There are also limited studies in the use of amino acids as metal chelates in hydroponics. A 2012 study (here) compared different Fe chelates with Fe EDTA and showed that some of these chelates work better than the traditional EDTA chelate in Fe absorption. Fe glycine showed the best absorption across roots and shoots plus the best yields in tomatoes (second image in this post). This shows that Fe glycine may be a good candidate for the replacement of Fe EDTA in hydroponic solutions.  Another study (here) also compared different Cu containing amino acid chelates and found that cysteine may be effectively used for Cu fertilization and phytoremediation.
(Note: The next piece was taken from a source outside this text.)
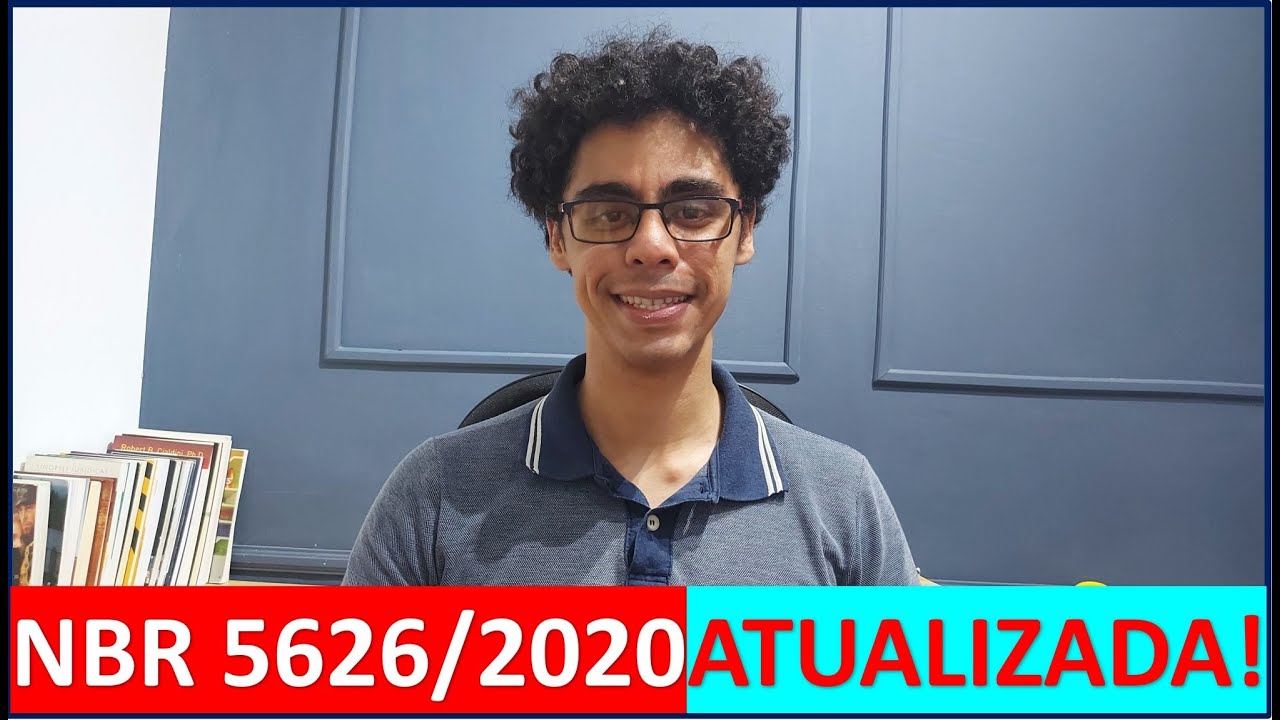 NBR 5626/2020 - Instalações prediais de água fria e água quente: O que mudou e o que é mais cobrado?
Is it worth it to apply amino acids in hydroponics? This may depend on the exact conditions the plants are facing. While amino acids have proved beneficial for the assimilation of specific nutrients – like Fe and Cu – or the alleviation of some stress conditions (salinity, autotoxicity), there isn’t any strong evidence suggesting wide range beneficial effects under normal plant growing conditions, especially if these are close to ideal. In normal hydroponic solutions introducing large amounts of amino acids may even have significant negative effects due to their effect on ion absorption and N metabolism. Further evidence is required before general recommendations for exogenous amino acid applications can be made.

This doesn’t mean that amino acids might not be beneficial under normal conditions, just that we have no evidence yet showing which amino acid profiles might work best for which plants and under what concentrations and we do know that there can be potentially harmful effects if these parameters are not studied carefully.